Notes on:
Huang, C., Simpson, S., Ulybina, D., & Roitman, A. (2019): News-Based Sentiment Indicators

Author(s): Huang, C., Simpson, S., Ulybina, D., & Roitman, A.

Published: DEC 2019

url: https://papers.ssrn.com/abstract=3523146

What?

Build an early warning indicator (ewi) by analysing sentiment of financial news. Sentiments keywords are determined by semantic clustering methods.

Why?

Sentiment-based early warning signal (ews) to predict banking crises is not new. However, previous approaches often involve surveys, which are costly and delayed.

How?

Data: 3 million daily news article from Financial Times.
Approx. 48 article per month for each of the 20 countries.
Dates back to 1980 where many article had to be scanned

Two main steps:

Build semantic cluster: Use word2vec to triagulate the top \(n\) most similar terms to a set of seed terms, represent a semantic concept of interest (e.g. “fear”, “hedge”).
Measure cluster frequency:
\[ Index_{ij} = \frac{no. of specific words_{ij}}{no. of words_{ij}} \times 1000 \]
for each country \(i\) in month \(j\).

To assess the reliability of ewis, they computed its (a) Precision, (b) Recall and (c) F-score.

Because crises are rare, they did not actually used the whole sample. This may impose an selection bias on their model?

When assessing and computing prediction metrics, we do not consider the full sample (1980- 2018), because we know that after 1999 there are no more crisis in the K&R sample. For example, the financial crisis in Argentina in 2001, is not taken into account to compute the evaluation metrics.
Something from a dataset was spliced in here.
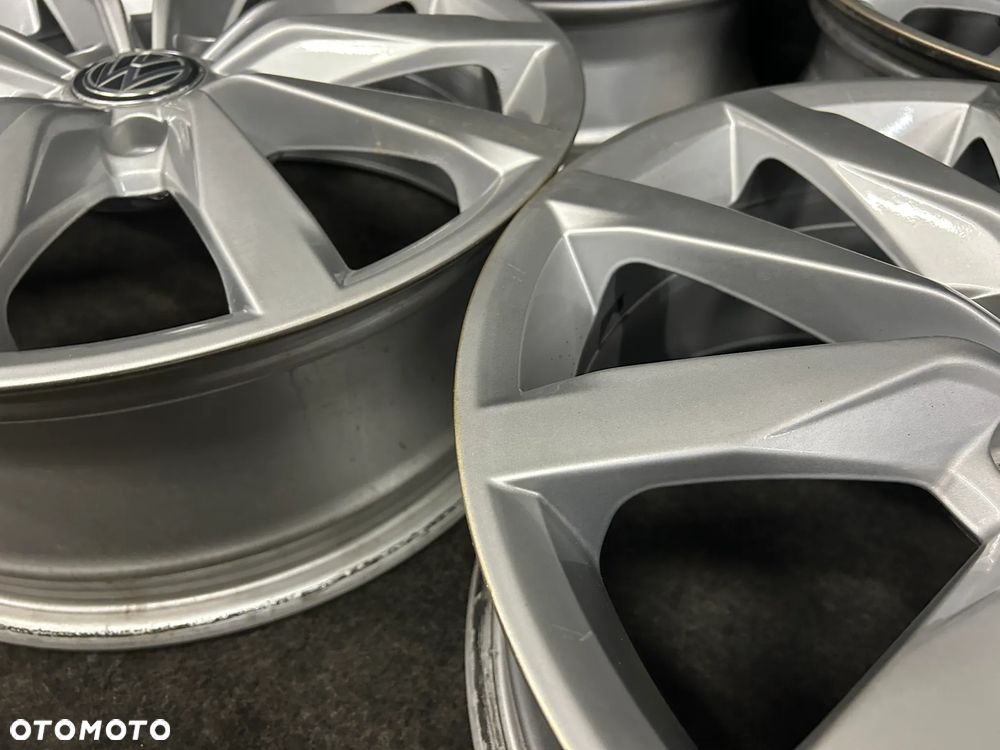 Alufelgi VW Golf 7, 6, 5, Sportsvan, Touran, Caddy 17 cali 5x112 4szt. - 10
However, it is important to note that most of our sentiment indicators would have successfully triggered an ews ahead of time (Appendix 3).

And?

Indices based on general sentiment (e.g. being positive or nagative) perform better than specific sentiments (e.g. fear), but not in individual countries level.
The same indicies may work better for some countries, and some indices may work better for one countries → Is this worthy of takeaway? Sound banal to me.
ews are triggered correctly for most countries.
Combining different sentiments increase performance (but beware of overfitting!!)
These indices perform better in recent crises → Interesting. What causes this? Was it data quality (sample size, digitalization)? Or there exists a structural change?

Its noteworthy that their model use a time-invariant set of words, so changes in language use are not documented.

This post is in the collection of my public reading notes.